B: I’m not sure if I can get through an interview without mentioning Trent Reznor, but he has always inspired me, through his recording methods as well as his choice of collaboration, and just his general attitude towards music. Of course: David Bowie, Chris Corner, Depeche Mode, Massive Attack, The Cure. I do have a tendency to lean on bands from the ’80s.

Vanessa: I’m a huge fan of Karin Dreijer Andersson (Fever Ray, The Knife) and Elizabeth Bernholz (Gazelle Twin). These days I’m mostly listening to techno and textural stuff (Ancient Methods, Klara Lewis, Vatican Shadow, Function, Profligate, OAKE, Adam X, Mondkopf, etc.).

AF: What about other artists: poets, painters, writers – who else has influenced your sound?

F: Literary influences are as important to me as musical influences. There’s the obvious surrealist and nightmarish nods to Kafka, but other authors such as Isak Dinesen, Robert Aickman, Albert Camus, Charles Baudelaire, and William Blake have inspired the lyrics I’ve written for the band, some more directly than others. As for art, the same applies; Francis Bacon seems almost too obvious to mention, but his work is incredibly moving. Francisco De Goya as well. I’m also drawn heavily to bleak, medieval religious art, usually depicting the crueler aspects of Christianity. Perhaps a bit cliché as far as gothic influences are concerned, but lots of imagery to draw upon.

B: David Lynch, John Carpenter, Jim Jarmusch, Anton Corbijn, just to name a few. These guys paint wonderful pictures through film, and I always find it very inspiring.

V: Frank and I have pretty similar tastes in art, so I definitely agree with him on the above, but I think it’s worth mentioning that we’re also all a bunch of huge fucking nerds. I’m not ashamed to admit that lyrical inspiration for me can come just as easily from The Wheel of Time or an episode of Star Trek: TNG as it does from Artaud.

AF: What do you credit to be your muse?

F: My bandmates.

G: Posterity.

V: My shitty life/Being a woman.

B: Dreaming.

AF: Blogs love labels, but how would you describe your music?

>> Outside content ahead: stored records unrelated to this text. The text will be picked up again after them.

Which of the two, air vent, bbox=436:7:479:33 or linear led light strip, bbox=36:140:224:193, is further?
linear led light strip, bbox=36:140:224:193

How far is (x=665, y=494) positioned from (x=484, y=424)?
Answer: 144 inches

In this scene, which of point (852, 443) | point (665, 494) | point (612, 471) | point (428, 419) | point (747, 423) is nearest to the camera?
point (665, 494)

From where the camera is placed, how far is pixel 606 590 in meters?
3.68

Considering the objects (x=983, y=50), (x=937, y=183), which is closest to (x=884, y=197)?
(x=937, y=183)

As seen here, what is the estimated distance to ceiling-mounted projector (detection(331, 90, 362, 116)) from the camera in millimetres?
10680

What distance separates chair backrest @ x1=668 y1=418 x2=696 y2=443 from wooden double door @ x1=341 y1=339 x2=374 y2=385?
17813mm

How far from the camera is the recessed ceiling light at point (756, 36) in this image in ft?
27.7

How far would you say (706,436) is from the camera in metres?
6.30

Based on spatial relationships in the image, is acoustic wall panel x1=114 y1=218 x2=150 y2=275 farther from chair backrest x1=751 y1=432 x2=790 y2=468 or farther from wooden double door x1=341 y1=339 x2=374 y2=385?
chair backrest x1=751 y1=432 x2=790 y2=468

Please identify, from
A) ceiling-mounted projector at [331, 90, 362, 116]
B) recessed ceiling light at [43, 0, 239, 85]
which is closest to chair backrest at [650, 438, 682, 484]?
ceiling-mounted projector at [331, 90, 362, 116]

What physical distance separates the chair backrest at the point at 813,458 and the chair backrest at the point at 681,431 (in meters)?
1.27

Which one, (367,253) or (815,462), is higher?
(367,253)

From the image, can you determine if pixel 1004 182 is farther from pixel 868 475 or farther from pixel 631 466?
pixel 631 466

F: I don’t ever attest to reinventing the wheel. We all draw from different influences and I mostly consider our sound to be a blend of shoegaze/dream pop, 4AD, and early ’80s post-punk vibes. We generally err on the dreamier side but have no qualms with getting aggressive if the mood calls for it. At this point in the game, creating a new sound is out of the question, but our varied tastes and interests have led to some cross-pollination of genres that hopefully proves to be interesting amidst dozens of modern bands operating in a similar medium.

B: I’m still trying to get a little saxophone in there.

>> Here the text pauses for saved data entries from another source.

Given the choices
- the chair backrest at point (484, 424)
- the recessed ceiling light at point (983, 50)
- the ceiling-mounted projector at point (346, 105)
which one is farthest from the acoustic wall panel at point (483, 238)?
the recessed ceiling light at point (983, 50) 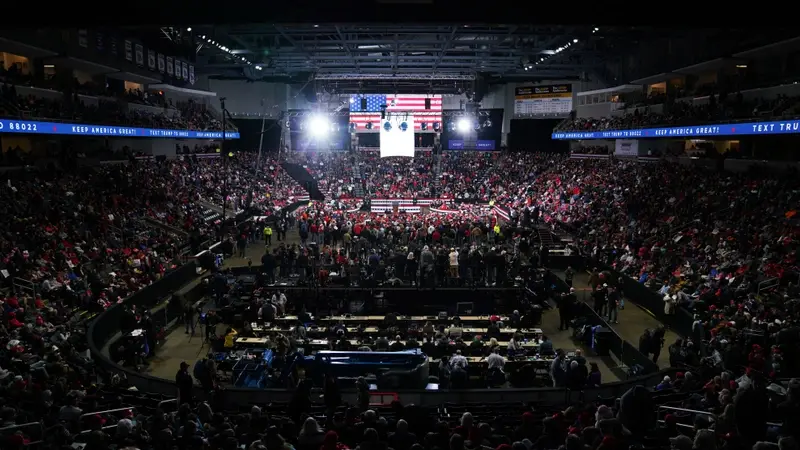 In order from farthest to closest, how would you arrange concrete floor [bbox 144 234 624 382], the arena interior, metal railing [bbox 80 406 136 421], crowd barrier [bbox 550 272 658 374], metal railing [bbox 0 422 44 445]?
1. concrete floor [bbox 144 234 624 382]
2. crowd barrier [bbox 550 272 658 374]
3. metal railing [bbox 80 406 136 421]
4. the arena interior
5. metal railing [bbox 0 422 44 445]

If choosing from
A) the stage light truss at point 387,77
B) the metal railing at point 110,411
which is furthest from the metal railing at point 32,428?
the stage light truss at point 387,77

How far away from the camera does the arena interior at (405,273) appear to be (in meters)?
8.71

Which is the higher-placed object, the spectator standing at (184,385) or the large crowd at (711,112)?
the large crowd at (711,112)

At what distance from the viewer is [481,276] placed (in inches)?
892

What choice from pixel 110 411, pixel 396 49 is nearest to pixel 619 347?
pixel 110 411

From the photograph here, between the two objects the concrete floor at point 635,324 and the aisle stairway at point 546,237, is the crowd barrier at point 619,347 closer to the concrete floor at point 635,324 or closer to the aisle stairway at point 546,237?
the concrete floor at point 635,324

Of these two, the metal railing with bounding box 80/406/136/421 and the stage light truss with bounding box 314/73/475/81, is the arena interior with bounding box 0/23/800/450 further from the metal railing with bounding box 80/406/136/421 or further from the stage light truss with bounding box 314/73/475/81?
the stage light truss with bounding box 314/73/475/81

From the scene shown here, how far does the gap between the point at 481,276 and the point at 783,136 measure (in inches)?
638

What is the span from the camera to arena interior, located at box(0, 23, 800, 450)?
8.71 meters

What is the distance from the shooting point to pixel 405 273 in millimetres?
22016

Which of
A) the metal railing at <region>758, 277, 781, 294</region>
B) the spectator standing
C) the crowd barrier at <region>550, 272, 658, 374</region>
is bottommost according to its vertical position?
the crowd barrier at <region>550, 272, 658, 374</region>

AF: Will you speak to the darker element of your style?

F: Operating in this medium is less of a conscious choice for me than it is a catharsis. Therapy in a sense – a method of expressing otherwise unpleasant thoughts and feelings to make something creative, rather than letting my shadow side consume me.

B: Darkness is way more interesting. And real.

AF: If you could collaborate with any artist, who would it be?

F: At this point, the idea of collaborating with someone famous is an overwhelming thought. Sorry for the cop out, but I can say that we’re looking forward to some collaborations from some of our peers, both original and in remix form. More on this as it develops!

B: Sorry Frank, but I’m going with Pee-Wee Herman.

AF: Will you tell me about your current LP you’re working on?

F: We spent the majority of 2014 hunkering down and working on the record. We recorded Silhouettes in piecemeal form over the course of the year, layering synths and guitars and drums as they fell into place. The record is currently in the can and is being mixed as we speak by the uber-talented Xavier Paradis, and will hopefully see release this fall via aufnahme + wiedergabe.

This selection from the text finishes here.